However, in Example 38, the embossing transferability by the embossing apparatus was slightly deteriorated, and in Example 39, the embossing transferability was remarkably lowered. The compositions of these C layers were the same as those of Example 20 and Example 21, and no problem was found when embossing was transferred by the extrusion cast embossing method. Since the blending ratio of the PBT resin in the resin composition of the C layer is relatively high, the PBT resin of the C layer is crystallized upon contact with the heating roll of the embossing apparatus, whereby the C layer is embossed roll It is considered that it will not be deformed even if it is pressed by. Therefore, in the case of using an embossing apparatus, when emboss irregularities having a plate depth equal to or greater than the thickness of the A layer are provided, the blending ratio of the PBT resin of the C layer is 40% by mass or less, more preferably 30% by mass or less. However, this is not necessarily the case when the thickness of the A layer is the same as or sufficiently thick with respect to the plate depth of the embossing roll.

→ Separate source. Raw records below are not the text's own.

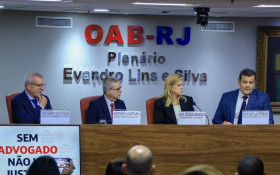 Coluna Magnavita | Aula Magna na OAB‑RJ com o Ministro Antonio Anastasia
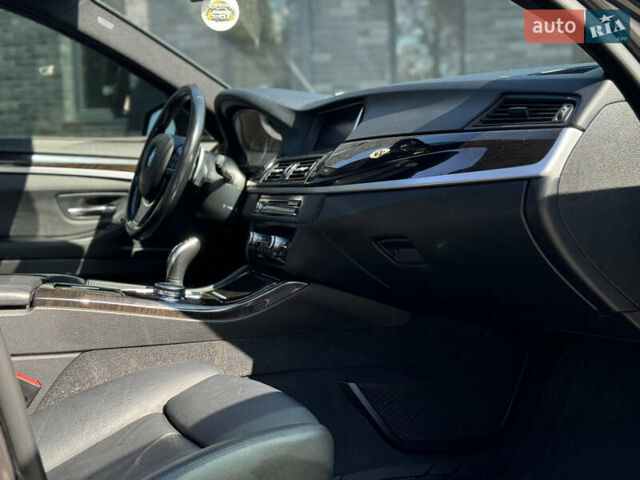 БМВ 5 Серия, объемом двигателя 2 л и пробегом 185 тыс. км за 15600 $, фото 36 на Automoto.ua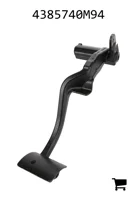 AGCO 4385740M94 Левая педаль тормоза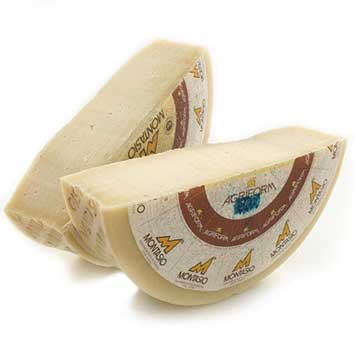 Montasio DOP Cheese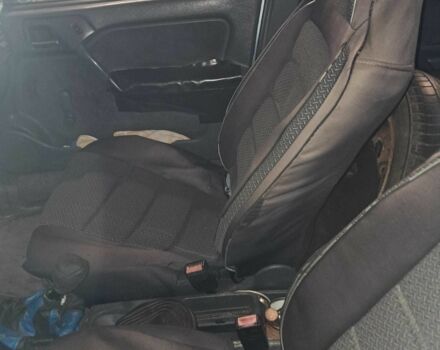 Синий Шевроле Вектра, объемом двигателя 0 л и пробегом 3 тыс. км за 1194 $, фото 10 на Automoto.ua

Even in Comparative Example 12 in which the thickness of the A layer, which is a layer that retains the heat resistance of the embossing, is extremely thin, the resin composition of the C layer is pressed by the embossing plate roll even when using an embossing apparatus. Due to the composition deforming without problems, there was no problem in the emboss transferability itself, but the emboss heat resistance during lamination was poor. In Example 17, in which the thickness of the A layer was thicker than Comparative Example 12, the embossing heat resistance at the time of lamination was improved, and no abnormality was visually observed, but the emboss residual rate was somewhat bad. It has become. The thickness of the A layer is the same level as in Example 17, but a higher glass transition temperature (component a1) is used, and in Example 34, the blending ratio of component (a2) is also higher. The situation was the same as in Example 17. On the other hand, in Examples 28 to 33 in which the thickness of the A layer was further increased, there was no problem in the embossing heat resistance. However, it is presumed that the thickness of the A layer necessary to ensure the heat resistance of the emboss can also be changed depending on the plate depth of the emboss to be transferred.

Examples 41 and 42 are combinations in which the thicknesses of both the A layer and the C layer are carelessly increased, resulting in a problem in bending workability as a resin-coated metal plate. In Examples 27 to 42, an emboss having a plate depth of center line average roughness (Ra) = 6.5 μm and maximum height (Ry) = 57 μm is transferred. Then, it is considered that the total thickness of the laminated sheets as in Examples 41 and 42 is unnecessary, and good emboss transferability is obtained even in Example 27 in which the total thickness of the laminated sheets is less than half. In Examples 41 and 42, no particular problem has occurred with respect to the evaluation items other than the bending workability, but also from the viewpoint of cost, the total thickness of the laminated sheet is 300 μm or less, preferably 250 μm or less. It is preferable to do.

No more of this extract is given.